#### Data records:
= = = = = = =
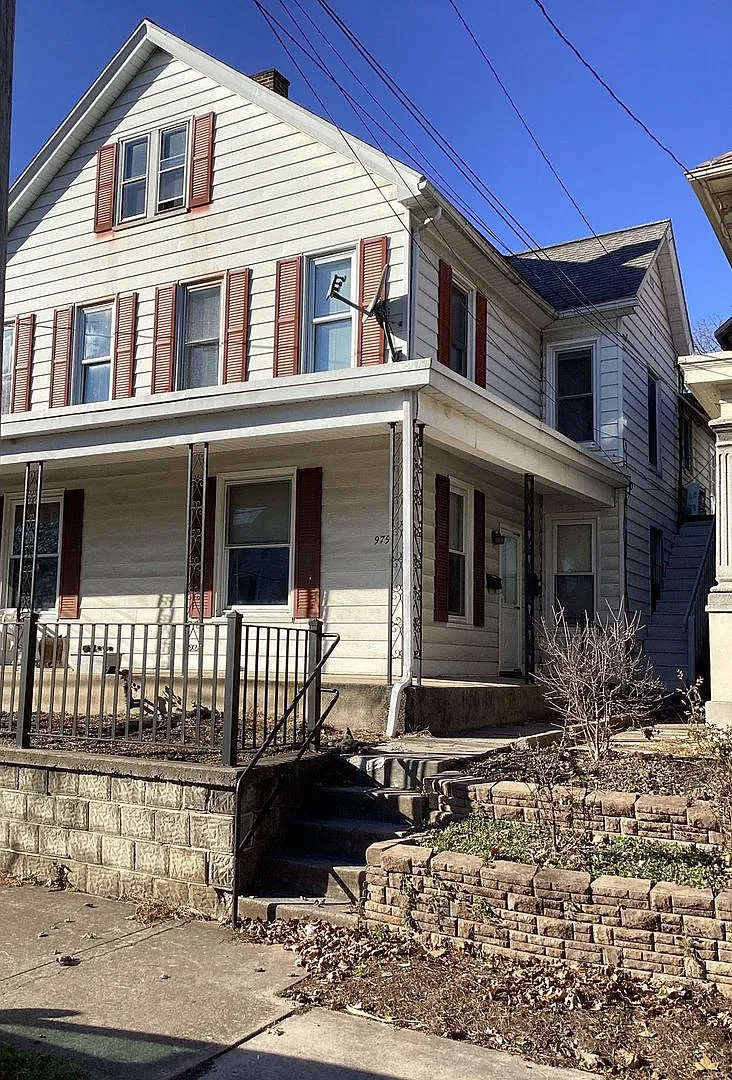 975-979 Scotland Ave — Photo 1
= = = = = = =
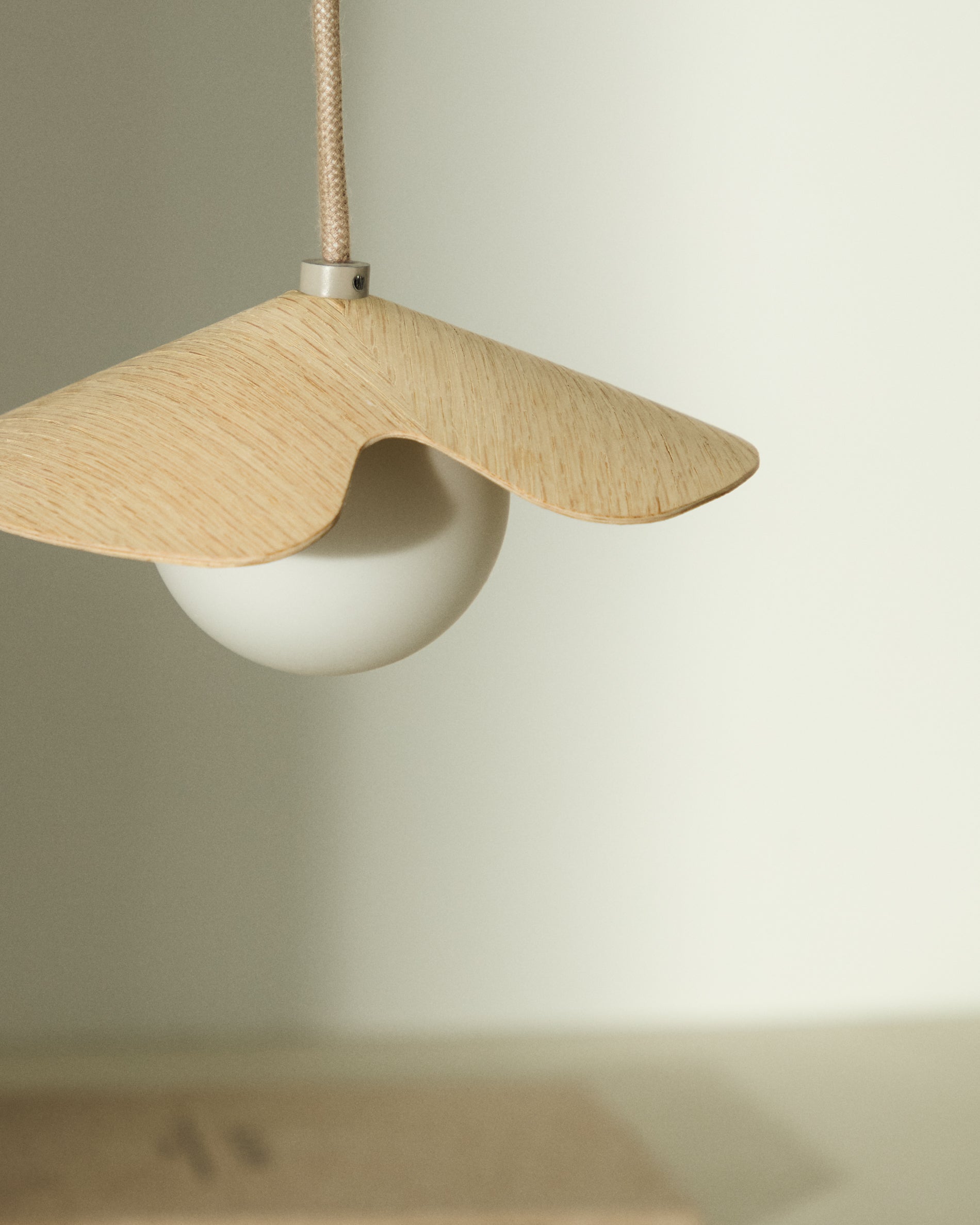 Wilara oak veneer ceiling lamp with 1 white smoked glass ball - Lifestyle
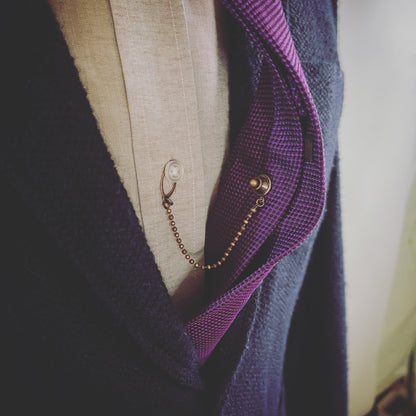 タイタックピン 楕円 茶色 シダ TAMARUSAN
= = = = = = =
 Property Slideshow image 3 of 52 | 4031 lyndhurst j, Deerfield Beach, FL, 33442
= = = = = = =
#### Exercise goal:
No picture is to be printed. Output exactly the lines above from the line containing "Wilara oak veneer" through the line containing "タイタックピン 楕円 茶色 シダ TAMARUSAN".

#### Response area:
 Wilara oak veneer ceiling lamp with 1 white smoked glass ball - Lifestyle
 タイタックピン 楕円 茶色 シダ TAMARUSAN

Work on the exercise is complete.